Le sapin (et non le pin) parce qu’il a besoin de beaucoup de neige, et ce manque pousse sa couleur à virer vers le noir. Peut-être faut-il encourager la plantation du cèdre à partir de 1200 mètres d’altitude, et donc pourquoi pas des cédraies partout dans les montagnes.

C’est le cas, par exemple, d’une expérience pour introduire le cèdre, entreprise sur les versants marins du mont de Sidi Driss (situé à 1363 mètres d’altitude ), dans la commune de Beni Oulbène (Zargua), au sud de Skikda par les associations Alto des sports aériens et l’association Ecologica pour la protection de l’environnement de Skikda. Quant à l’eucalyptus, qui est originaire d’Australie, parce que ses feuilles sont pendantes toute l’année, n’apporte pas une valeur esthétique à l’environnement notamment en automne, en hivers et au printemps ; en plus de sa faible résistance au froid.

4- Les région témoins

Beaucoup de régions en Algérie peuvent être prises comme témoins de l’épanouissement de l’arbre de terroir et donc servir d’exemple pour sa généralisation systématique. Pour s’imprégner de cette réalité de visu, les exemples sont nombreux : on peut citer la commune de Seraïdi ; Sétif [du côté d’Oued Bousselam] ; les villes de Miliana ou Tlemcen, la région de Machrouha [du côté de Souk Ahras].

En effet, beaucoup de ces espèces rustiques y vivent et se développent. D’ailleurs, le citoyen constate récemment et avec satisfaction la plantation de ce type d’arbre un peu partout dans les quartiers des villes, des villages et dans les campagnes ; comme c’est le cas récemment pour la wilaya de Saïda pour la plantation des pins, Mila (Chelghoum Laïd) pour la plantation des peupliers également à Mila et Constantine pou le frêne et à l’entrée est de la wilaya d’Alger pour ce qui est du platane et du charme, sans oublier également le cas Chlef pour la plantation des mûriers à l’entrée et sortie de la ville.

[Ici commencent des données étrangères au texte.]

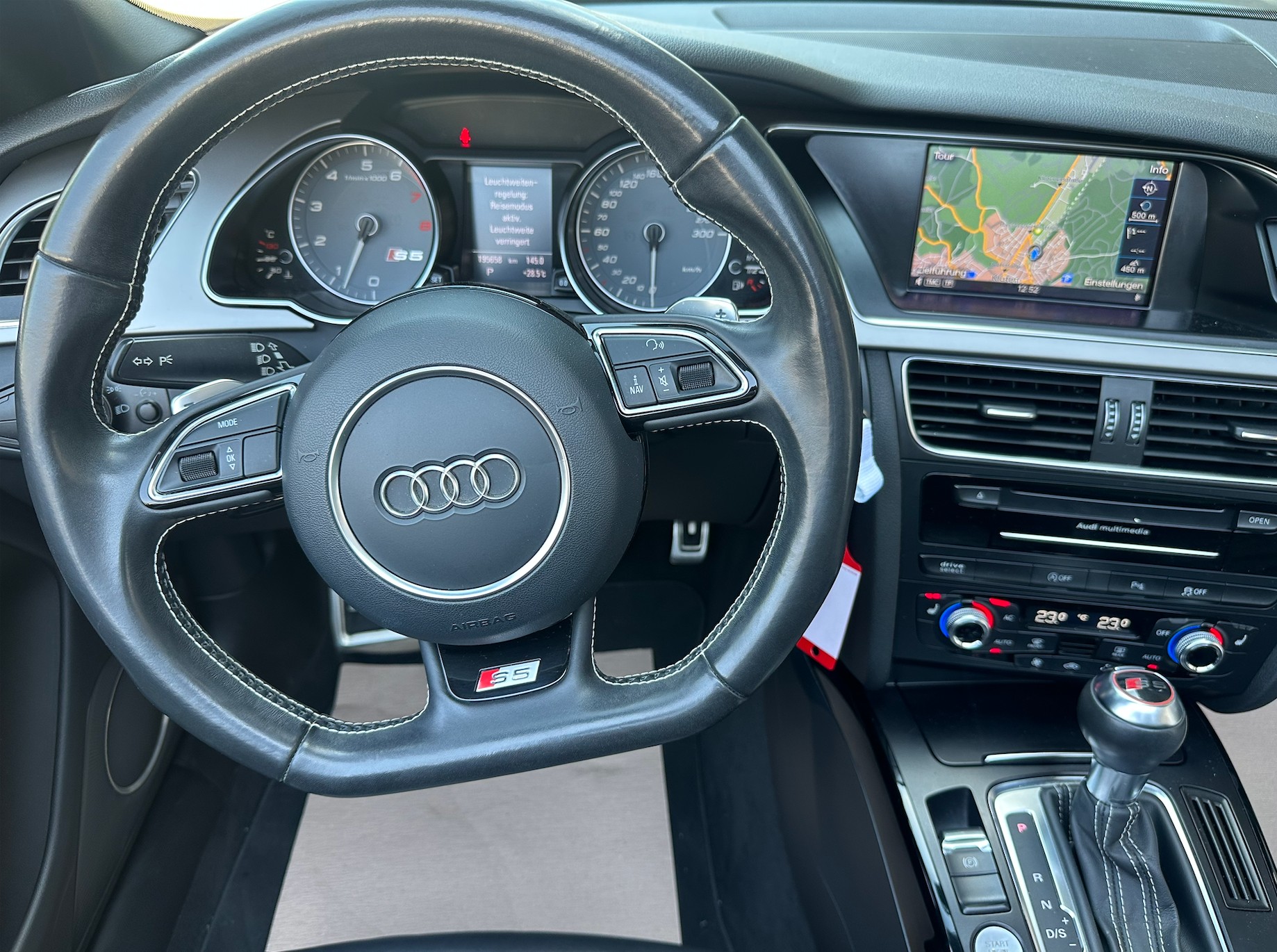 AUDI S5 Cabrio 3.0 TFSI quattro S-tronic-image-8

Des exemples à encourager, qui en les généralisant aboutiront à créer un paysage automnal, hivernal et printanier. Mais, il faut espérer que la plantation de ce type d’arbres soit plus systématique pour donner plus d’esthétique au paysage, c’est-à-dire le mettre en valeur pendant l’automne, l’hiver et le printemps à travers la différence dans les couleurs de ses feuilles et la perte de ses dernières.

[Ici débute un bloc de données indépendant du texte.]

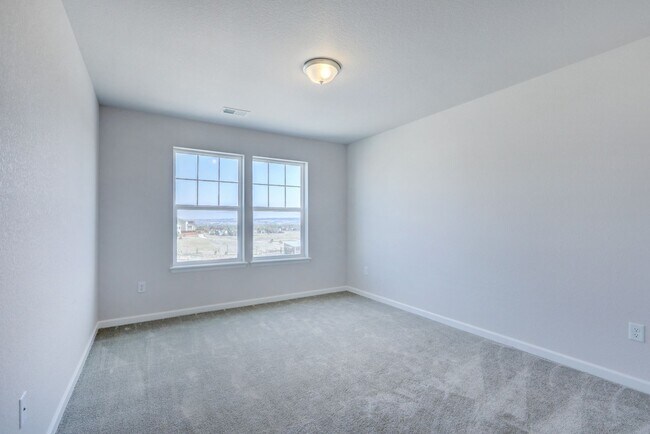 Building Photo - Meridian International 5 Bedroom 4 Bath Ho...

A titre d’exemple, les féviers, les frênes en ces mois d’octobre et novembre exhiberont les mêmes feuilles jaunes, signe de la saison automnale. Les feuillus ont plus d’esthétique et respectent la loi de la nature des quatre saisons.

Et ces arbres rustiques, parce qu’ils mettent beaucoup de temps à grandir, jouent un grand rôle contre le glissement de terrain, l’érosion du sol… C’est-à-dire pour la protection de la nature, l’environnement et le développement durable et préservent la santé du citoyen, car ils donnent beaucoup d’ombre en été.

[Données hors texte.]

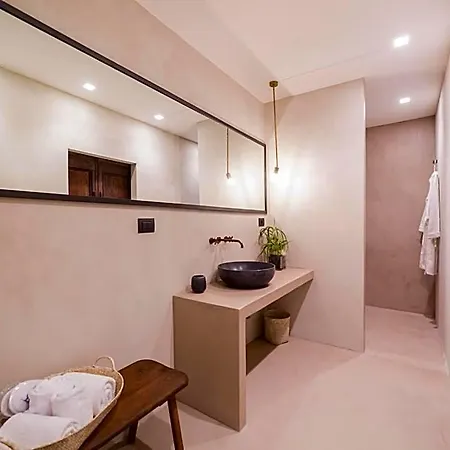Bed & Breakfast Casatorre Dei Leoni Dimora Storica 4*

C’est pourquoi, avant de clore, nous lançons un appel d’abord aux structures chargées des forêts et aux citoyens lors des opérations de plantation d’arbres (Journées nationales, journées mondiales, opération de volontariat, campagne de reboisement,…), à privilégier la plantation des arbres de terroir pour donner à nos campagnes, montagnes, villages et villes plus d’esthétique et par la même respecter la loi de la nature des quatre saisons ; ensuite aux autorités pour la mise en place d’une loi dédiée spécialement à l’arbre.